2° Sous le numéro 482988, par une requête, enregistrée au greffe du tribunal administratif de Toulouse le 2 décembre 2022, Mme E... demande au Conseil d'Etat :
1°) d'annuler la décision contenue dans un courrier du 26 avril 2022 par lequel la sous-directrice des ressources humaines de la direction des services judiciaires a refusé de proposer au Conseil supérieur de la magistrature sa nomination aux fonctions de magistrat exerçant à titre temporaire, ensemble les décisions des 15 juillet et 5 octobre 2022 de rejet de son recours gracieux et de son recours hiérarchique ;
2°) d'enjoindre au garde des sceaux, ministre de la justice, de proposer sa nomination au Conseil supérieur de la magistrature.

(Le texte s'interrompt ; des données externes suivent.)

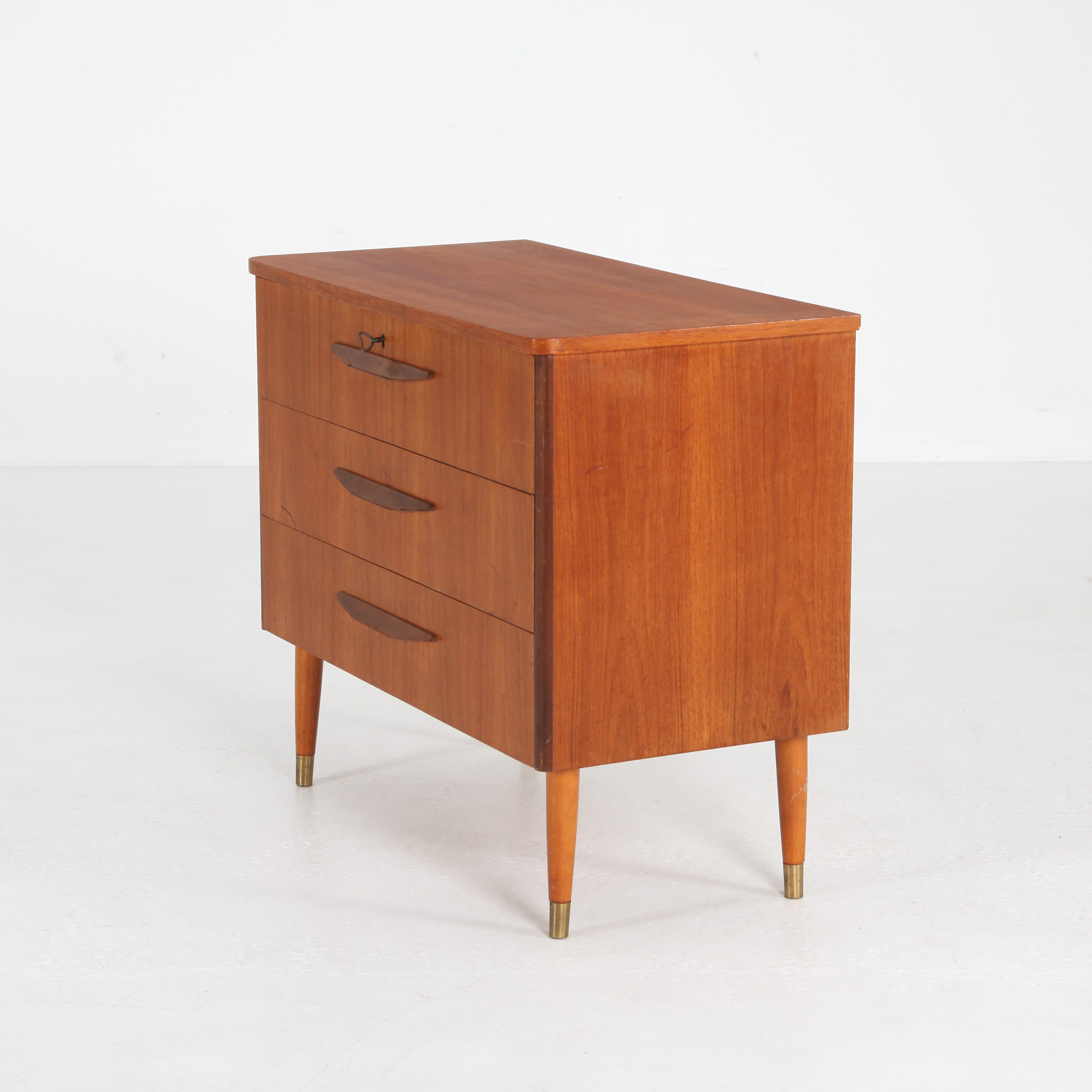 BYRÅ, teak, Sverige 1950/60-tal.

Elle soutient que les décisions sont entachées :
- d'incompétence en ce que ni la cheffe du bureau chargé des magistrats exerçant à titre temporaire ni la sous-directrice des ressources humaines de la magistrature ou son adjoint ne pouvaient se prononcer au nom du garde des sceaux, ministre de la justice ;
- d'une violation directe de la règle de droit et d'un détournement de procédure, en ce que le garde des sceaux s'est estimé, à tort, lié par l'avis des chefs de cour qui s'est substitué à l'appréciation du Conseil supérieur de la magistrature,
- d'erreur d'appréciation sur les mérites de la candidature de Mme E....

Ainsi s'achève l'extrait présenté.